Are We Next: Residents Fear Furloughs Could Be Death of Small South Carolina Town (Image 1)

Set among shuttered store fronts is the Jackson, South Carolina Post Office.  It can be one of the cheapest places in town–after all a stamp costs 46 cents–but they're already feeling the effects of SRS furloughs.

“When you've got people working five days a week, four days a week, cut back to three, that's a lot less traffic coming in here,” says Postmaster Nancy Goff.

The postmaster loves Jackson–she grew up here.

“Most everybody knows everybody and you have that tight community,” she says.

But it could be growing a little too tight.

“What would draw a new business to town if our population is going down,” she asks.  “There's no incentive for people to come here to start any business.”

The businesses that are already here are shutting their doors for good, or for at least some of the time.

“Our First Citizens bank is now closed three afternoons a week, so you have to hit them in the morning or you can forget your bank,” she says.

When I asked her where to go to grab a bite, there weren't a lot of options.  Wendy Lott works at Pizza Stop.

“It's almost like a ghost town now, it's surreal,” Lott says.

She says when workers come in:

“We see the worry on their faces when they come in, they're like, 'I hope I don't lose my job, I hope i'm not next,'” she says.

She loves her job and hopes she's not next–with reduced hours, she's not taking home a lot as it is.

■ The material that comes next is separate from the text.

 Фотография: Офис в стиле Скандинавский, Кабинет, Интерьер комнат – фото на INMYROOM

“Making 62 dollars a week, it goes to gas, there's nothing to take home,” she says.

Nothing, except stress.

“All you can do is stay awake at night going, what's going to happen to us,” she says.

She's seen it happen before:

“It's probably just going to end up dead like Graniteville did when the mills closed, it's a ghost town,” she explains.

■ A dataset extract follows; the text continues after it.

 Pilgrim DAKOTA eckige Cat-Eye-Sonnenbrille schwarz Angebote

And she says she has a message for politicians who want to point fingers–she says towns like Jackson don't want to hear about he said she said; they want to hear about jobs.

“I could care less about them and what the big whigs do on the hill,” she says. “I just huddle around the TV and think tell me about work.  That's all I want to know. They can talk until they're blue in the face, but what matters is what's my job if I can get one can I even keep one.”